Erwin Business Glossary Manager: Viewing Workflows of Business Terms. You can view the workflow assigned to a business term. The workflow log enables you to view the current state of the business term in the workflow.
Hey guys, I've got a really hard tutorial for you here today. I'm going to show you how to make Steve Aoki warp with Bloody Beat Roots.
───
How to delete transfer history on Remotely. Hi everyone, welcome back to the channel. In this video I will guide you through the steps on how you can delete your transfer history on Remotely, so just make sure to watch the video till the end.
───
(Task details) Look back at the entries above and repeat, unchanged, every line from the line holding "Erwin Business Glossary" through the line holding "Hey guys, I've".

(Solution for this exercise)
Erwin Business Glossary Manager: Viewing Workflows of Business Terms. You can view the workflow assigned to a business term. The workflow log enables you to view the current state of the business term in the workflow.
Hey guys, I've got a really hard tutorial for you here today. I'm going to show you how to make Steve Aoki warp with Bloody Beat Roots.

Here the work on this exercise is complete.